Song by Fred Astaire
- B-side: Things Are Looking Up
- Published: September 16, 1937 by Gershwin Publishing Corp., New York
- Released: November 1937
- Recorded: October 17, 1937
- Studio: Los Angeles, California
- Genre: Jazz
- Label: Brunswick 7983
- Composer: George Gershwin
- Lyricist: Ira Gershwin

Fred Astaire singles chronology
| "A Foggy Day" (1937) | "Nice Work If You Can Get It" (1937) | "Change Partners" (1938) |

= Nice Work If You Can Get It (song) =

1937 song by George and Ira Gershwin

"Nice Work If You Can Get It" is a popular song and jazz standard composed by George Gershwin, with lyrics by Ira Gershwin.

==Background==
The song began life in 1930 as a nine-bar phrase with the working title "There's No Stopping Me Now". Its title phrase "Nice work if you can get it" came from an English magazine. It was one of nine songs the Gershwin brothers wrote for the movie A Damsel in Distress in which it was performed by Fred Astaire with backing vocals by The Stafford Sisters. The song was published in 1937.

==First recordings==
The first jazz recording of the work was by Tommy Dorsey three weeks after the release of the film. Early chart versions were by Shep Fields, Teddy Wilson with Billie Holiday, Fred Astaire (with the Ray Noble Orchestra), Maxine Sullivan, and The Andrews Sisters.

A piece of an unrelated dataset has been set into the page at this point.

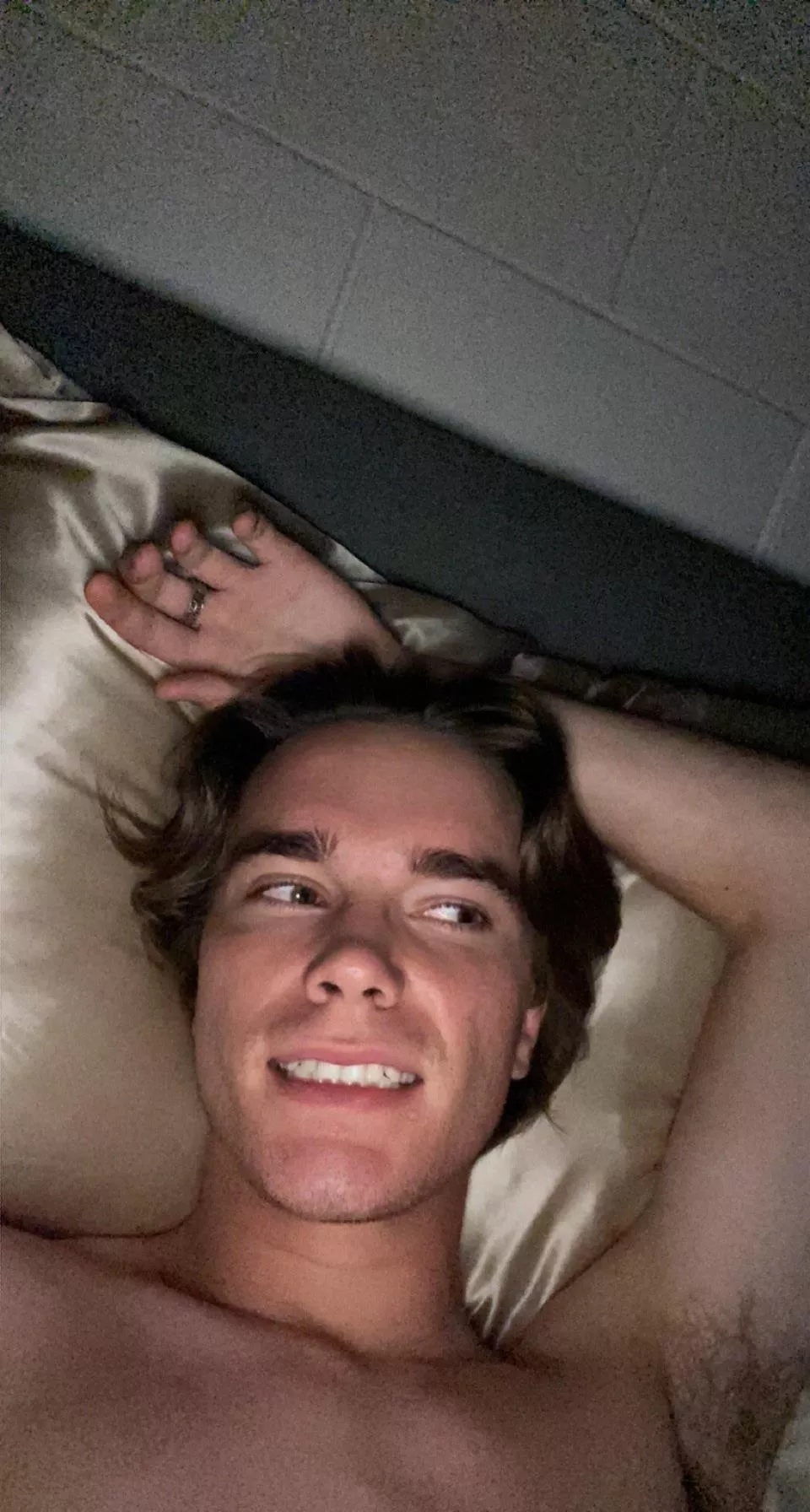 [UPDATE] First date was absolutely amazing! 🌈 We’re going on a picnic by the beach for our second date today ☀️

The song was recorded by many jazz singers and adopted by bebop instrumentalists; Jerry Newman recorded pianist Thelonious Monk performing the tune in 1941 at Minton's Playhouse, a nightclub closely connected with early bebop, and he subsequently recorded it several times.

== Other recordings ==
- Tommy Dorsey – 1937
- Billie Holiday with Teddy Wilson – 1937
- Thelonious Monk – 1941, 1947
- Art Tatum – 1949
- Sarah Vaughan with Jimmy Jones music director; and Percy Faith arranger and conductor – Sarah Vaughan in Hi-Fi (1955)
- Mel Tormé – Mel Tormé Sings Fred Astaire (1956)
- Frank Sinatra – A Swingin' Affair! (1957) and Sinatra-Basie: An Historic Musical First (1962)
- Erroll Garner – Erroll Garner Plays Gershwin and Kern, 1968
- Ella Fitzgerald with Andre Previn – Nice Work If You Can Get It, 1983

==Popular culture==
- In the 1951 film An American in Paris, the song is performed by Georges Guétary.
- A version of this song was used during the opening credits of the 1995 to 1998 CBS sitcom Cybill, starring Cybill Shepherd, who performed the song.
- The song was included in the Tony Award-winning Broadway musical Crazy for You and lent its name to the musical Nice Work If You Can Get It.